D. Certified Questions and Federal–State Interaction

The Court’s exercise of its jurisdiction under Tex. Const. art. V, § 3‑c, to answer certified questions:

  • Prevents the Fifth Circuit from making an Erie “guess” on an important question of Texas commercial law;
  • Provides authoritative clarification for all federal and state courts applying § 306.004(a);
  • Demonstrates the value of certification in harmonizing state and federal interpretations on core state‑law issues.

The Court notes—but does not resolve—a “lurking choice‑of‑law issue” the parties had argued below but dropped on appeal. Its answer presupposes that Texas law governs, as the Fifth Circuit stated, but leaves any choice‑of‑law disputes to the federal courts.

VIII. Conclusion

American Pearl Group v. National Payment Systems establishes a clear and consequential rule for Texas usury law:

When Section 306.004(a) requires interest to be computed “by amortizing or spreading, using the actuarial method,” and the loan provides for periodic principal reductions, courts must calculate maximum permissible interest on the declining principal balance in each payment period, not on the original principal amount spread equally across the entire term.

This holding:

  • Marks a definitive departure from the old “equal parts” computation under the 1975 statute in the context of amortizing loans;
  • Aligns Texas with the standard actuarial method used in federal and other state law;
  • Requires lenders to calibrate usury compliance more precisely to actual amortization schedules;
  • Reinforces the Court’s commitment to textualism and to giving full effect to deliberate statutory language changes.

For practitioners, the opinion is a reminder that in usury analysis, as in statutory construction more broadly, words matter.
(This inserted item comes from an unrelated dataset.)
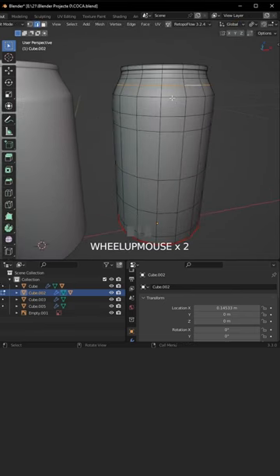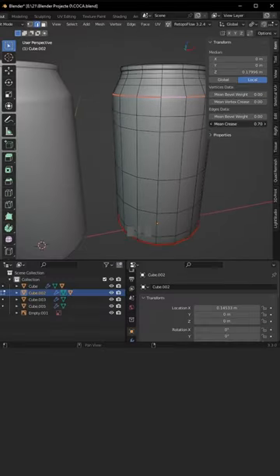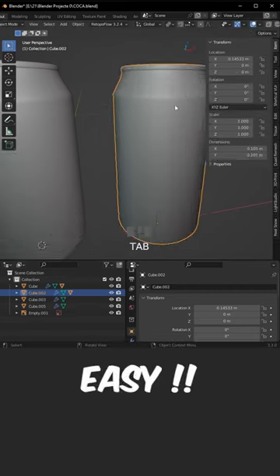Select this one by holding Alt and mouse left click to select this loop. Hit N, go to the item menu and increase the mean crease a bit. By holding Alt and mouse left click, select this loop, then hit G twice to edge slide. Select this one, hit G twice again, and that's it. Easy right?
The Legislature’s choice to replace “equal parts” with “actuarial method” fundamentally alters the permissible structure of commercial interest charges in Texas, particularly for loans that amortize principal. Going forward, lenders and borrowers alike must account for this clarified computational framework when structuring, litigating, and evaluating commercial loan agreements under Texas law.